ECLI:NL:CRVB:2019:380
Centrale Raad van Beroep
- Hoger beroep
- Rechtspraak.nl
Intrekking van bijstand wegens gebrek aan controleerbare verblijfplaats en inlichtingenverplichting
In deze zaak heeft de Centrale Raad van Beroep op 22 januari 2019 uitspraak gedaan in hoger beroep over de intrekking van bijstand aan appellante. Appellante had geen controleerbare gegevens over haar feitelijke verblijfplaats verstrekt, waardoor het recht op bijstand niet kon worden vastgesteld. De Raad erkent dat de situatie van appellante, die lijdt aan hyperacusis, bijzonder is, maar benadrukt dat dit niet betekent dat de inlichtingenverplichting kan worden genegeerd. Appellante had in 2012 hyperacusis vastgesteld gekregen en was in 2013 opgenomen in een GGZ-instelling. Na haar ontslag huurde zij een kamer bij een vriendin, maar na verloop van tijd heeft zij haar huur opgezegd en verbleef zij in een omgebouwde bedrijfsauto. Het college van burgemeester en wethouders heeft haar bijstand ingetrokken omdat zij geen controleerbare verblijfplaats kon aantonen. Appellante heeft meerdere keren verzocht om bijstand, maar het college heeft haar verzoeken afgewezen op basis van de schending van de inlichtingenverplichting. De rechtbank heeft het beroep van appellante ongegrond verklaard, en de Centrale Raad van Beroep heeft deze uitspraak bevestigd.
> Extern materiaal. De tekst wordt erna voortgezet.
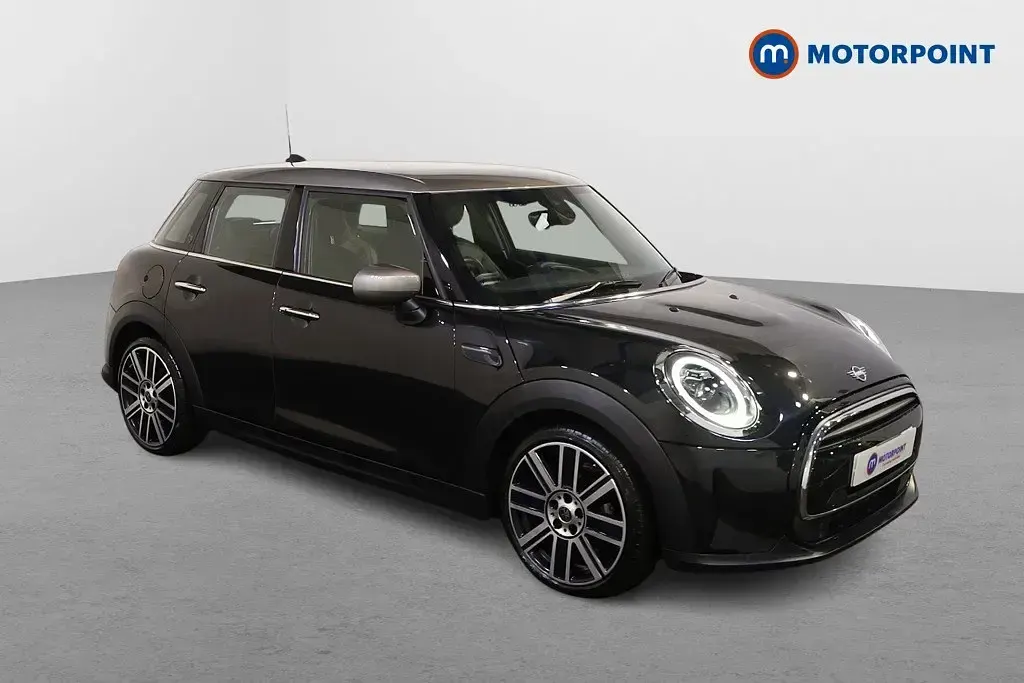 Begagnad Mini Cooper Exclusive 136 HK (100 kW) 2022 Halvkombi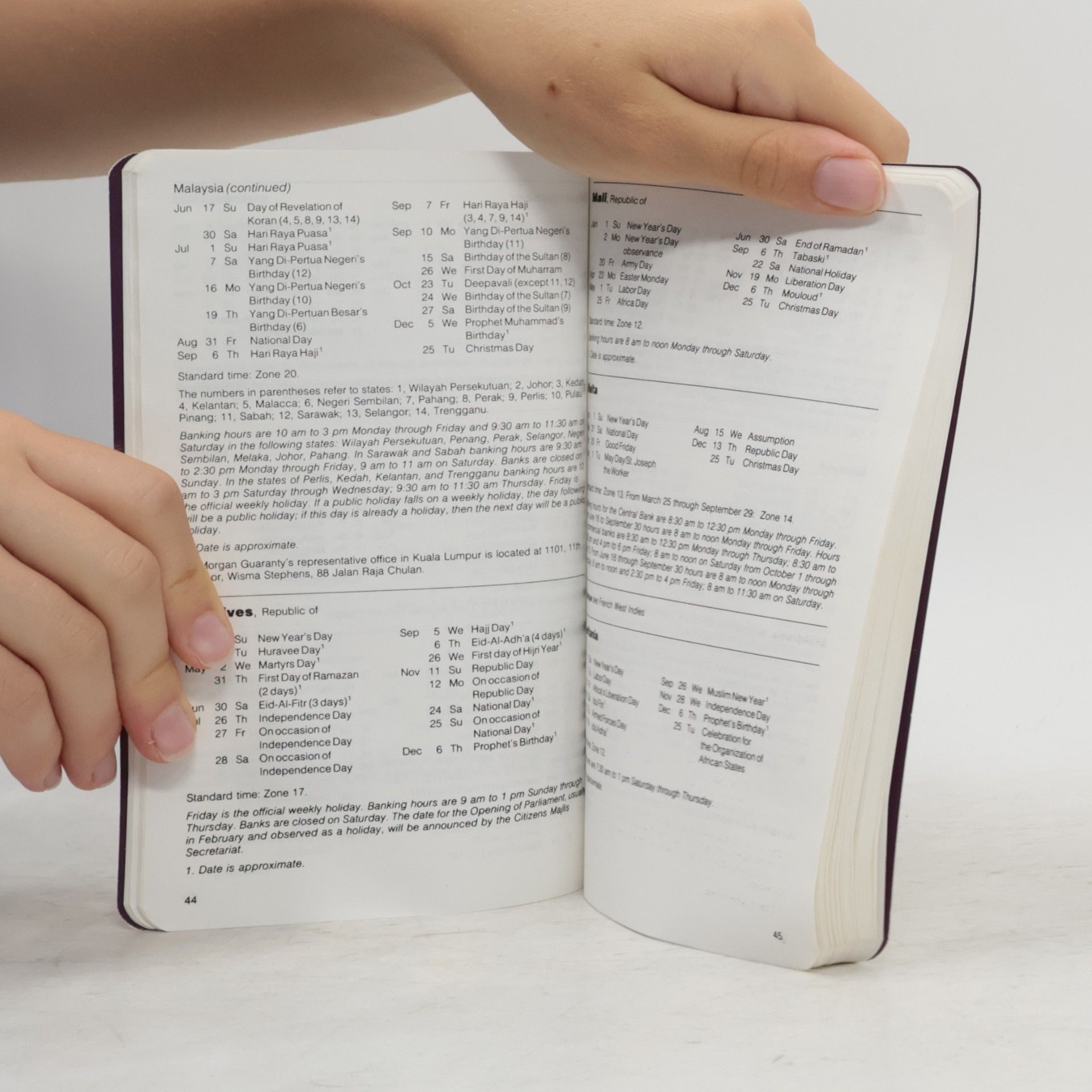 Various authors World Holiday and Time Guide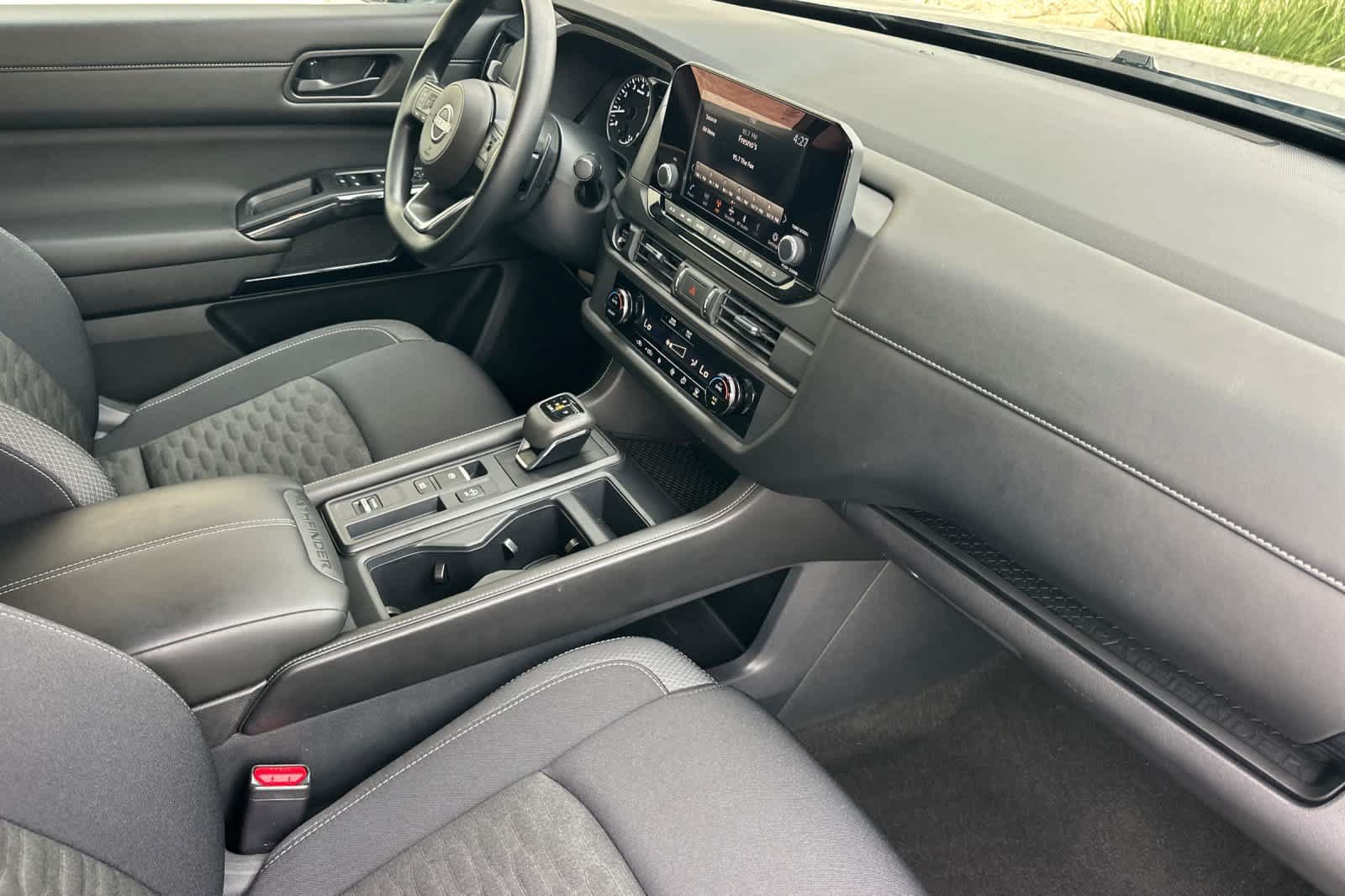 Used 2025 Nissan Pathfinder S FWD image 17
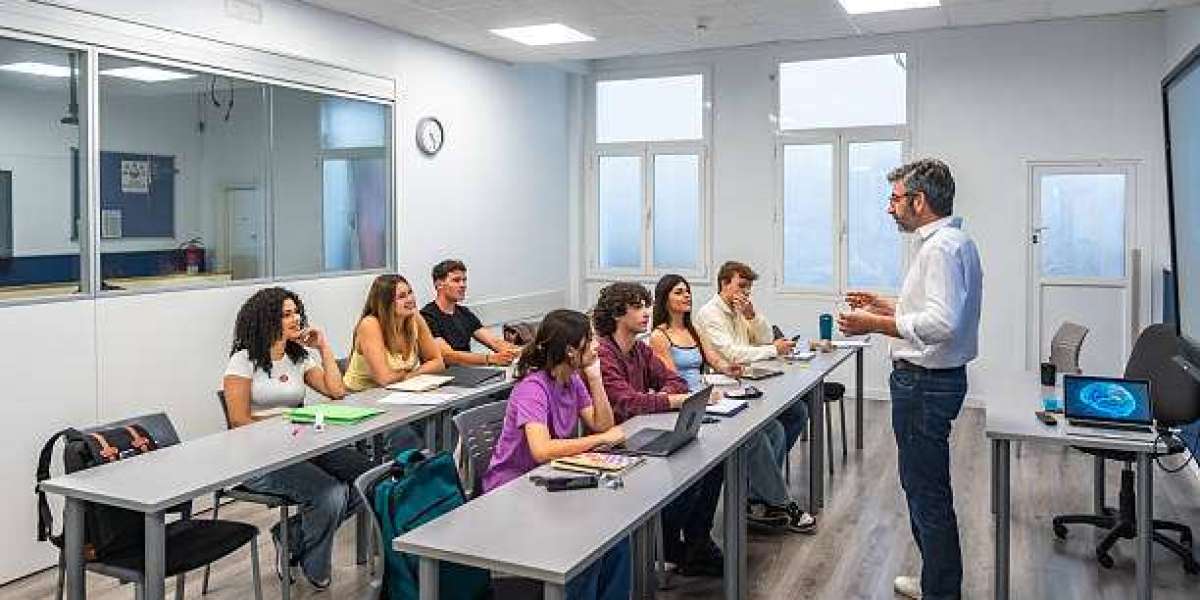 Expert Online CLAT Coaching in Delhi with Regular Tests and Doubt-Solving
De Raad concludeert dat appellante niet in staat is geweest om de benodigde gegevens te verstrekken, waardoor het recht op bijstand niet kon worden vastgesteld. De Raad heeft ook geoordeeld dat er geen dringende redenen waren om van de intrekking van de bijstand af te zien, en dat de hardheidsclausule niet van toepassing was in deze situatie.